There seems to be an excessive amount of waiters meandering about an empty restaurant. And if they aren’t catering to the feather-haired gentleman in the aquamarine jacket, what the hell are they doing? This place is overstaffed and the manager needs to punch someone’s timecard post haste. The dude at the table is obviously hungry. He opens his mouth and exposes a long, barren hallway; a gateway to his soul perhaps. I hope you’re ready for a wild ride ‘cause there ain’t no turning back!
Nothing like singing while you’re being stuffed into a creepy wooden coffin. He’s probably not that concerned, however, as there is no dirt in sight—nor is there a jackhammer to pierce the abandoned warehouse’s concrete floors—and it does not appear to be an airtight receptacle. I believe a third grader with a learning disability constructed that thing in the shed out yonder. Seriously, once these bullies leave, he could punch through those rickety old planks and run like the dickens.
Okay, in which socket is this guy plugging his electric pink Flying V amongst the desert ruins? And is that a “Frankie Say Relax” shirt under his black trench coat?
0:49 — Yes, I do believe that was a watermelon flying across the screen.
They want out. They want to stick their heads out of the windows of moving cars like Labradors. They want to prance about the flatlands with red capes, jump out of the shallow ends of swimming pools, and stand in front of factories. They just want to live.
Reversing down the hallway. It’s all over. No, wait; we’re going back! Now the band members are circled around Kai Hansen, pushing and shoving him. Wasn’t trapping him in a casket enough? This guy must be a real prick. I told you he’d escape from that paltry piece of shit.

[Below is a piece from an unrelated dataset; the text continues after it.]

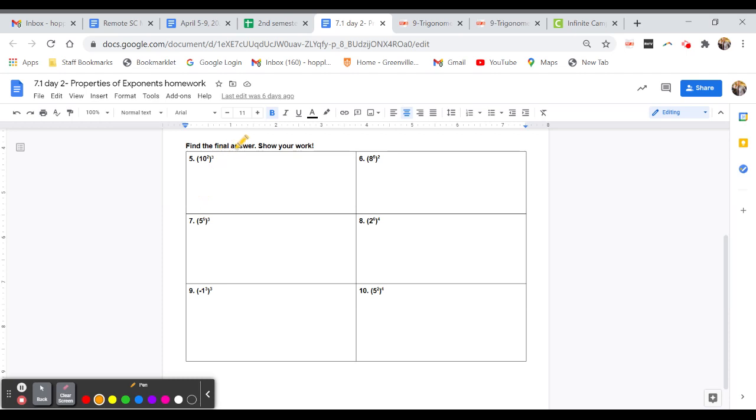We have 10 to the 2nd to the 3rd power. So this turns into 10 to the 2nd times the 3rd, which turns into 10 to the 6th power.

Up the esophagus again. He belches, dabs the corner of his mouth with a napkin, and—really? Again? The first two times blew my mind, don’t get me wrong, but isn’t this just a bit gratuitous?
Fans? Concert scene? What? Why?
3:13 — Yes, I do believe that guy is toting a vacuum cleaner. Look carefully. I thought it was a rubber snake at first, but it is in fact a vacuum.
I swear on all that is holy, if they do the trippy camerawork with the mouth and the hallway again… There’s the watermelon! It breaks! And so?
With those two simple words, Helloween invites the viewer to ponder the notion of a truth inside of the evolving self; a declaration of man's existence in which he defines himself and the world in his own subjectivity, wandering between choice, freedom, and existential angst, yet at the same time recognizing the absurdity of trying to find meaning in the universe. Well played. Kinda makes you want to eat Basmati rice and read The Myth of Sisyphus, doesn't it? Well played indeed.